How do you create a Gaussian Splat?

How Do You Create a Gaussian Splat?

Creating a 3D Gaussian Splat (3DGS) model follows a structured workflow: data capture, dataset preparation, training, and export. A Gaussian Splat model represents a scene using millions of 3D ellipsoids, known as "splats." Each splat contains:

• 3D position (X, Y, Z)
• Covariance (shape and orientation)
• Opacity
• View-dependent colour (via spherical harmonics)

Instead of building mesh geometry, the scene is rendered directly from these splats using GPU rasterisation.

1. Data Capture (The Most Critical Stage)

Data capture determines model quality and typically represents the majority of the effort.

Ground Capture

Use a high-resolution camera with:

• Manual exposure
• Manual focus
• Fixed focal length
• Locked white balance

Shoot in 4K (minimum) if recording video. Maintain strong parallax—avoid simple left-to-right pans. Move through the space to create depth variation.

Drone Capture

Use UAVs with large sensors and full manual controls. Fly slow, consistent paths and achieve 70–80% image overlap. Capture multiple altitudes for complete geometry.

Manual exposure and focus are essential. Automatic settings frequently cause reconstruction failures.

2. Dataset Preparation

Images or video frames are organised into a structured dataset ready for processing.

Common software options include:

• Jawset Postshot (local GUI)
• MIPMAP (local GUI)
• Luma AI (cloud-based)
• XGrids (hardware + pipeline)

Tool choice depends on dataset size, GPU capability, scalability requirements, and budget.

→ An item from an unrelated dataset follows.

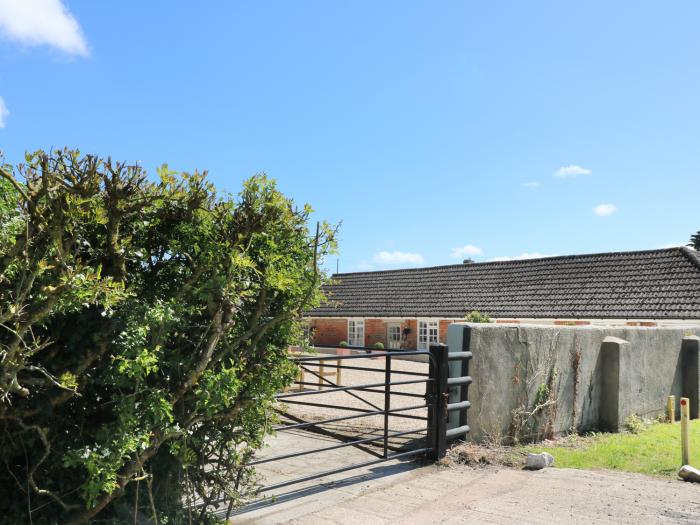 The Apple Shed, Motcombe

3. Training (Core Computational Stage)

Training is the optimisation phase where the system reconstructs the scene.

The process:

• Images (with known camera positions) are imported.
• Initial splats are placed in 3D space.
• Optimisation algorithms (e.g., gradient descent) iteratively adjust each splat’s:
  • Position
  • Size and shape
  • Colour
  • Opacity

The goal is to minimise the difference between rendered views and original images.

During densification:

• Splats may split
• Weak splats are removed.
• Scene density increases

Training time ranges from minutes to many hours, depending on dataset size and GPU performance. Modern GPUs (NVIDIA, AMD, Apple Metal) dramatically accelerate processing.

4. Output and Deployment

Once the data has trained, the 3DGS model can be exported as:

• .ply splat files (for CAD/GIS integration)
• Web viewer packages (browser-based inspection)
• Custom viewers with LOD control
• Self-hosted website embeds

These outputs support measurement, remote inspection, planning, collaboration, VR/AR, and engineering workflows.

For commercial deployment:

• Host splat files on a CDN
• Use WebGL viewers
• Enable progressive loading

Common Failure Points

Most reconstruction failures stem from capture errors:

• Insufficient image count
• Poor overlap
• Inconsistent exposure
• Variable focus or focal length
• Motion blur or rolling shutter
• Reflective or moving objects
• Inadequate GPU hardware

Nearly all issues trace back to inconsistent or incomplete data capture.

Conclusion

Successful Gaussian Splat creation depends on:

1. High-quality, controlled image acquisition
2. Structured dataset preparation
3. Proper GPU-accelerated training
4. Correct export for intended use

Master the capture stage first—because no amount of processing can repair fundamentally poor input data.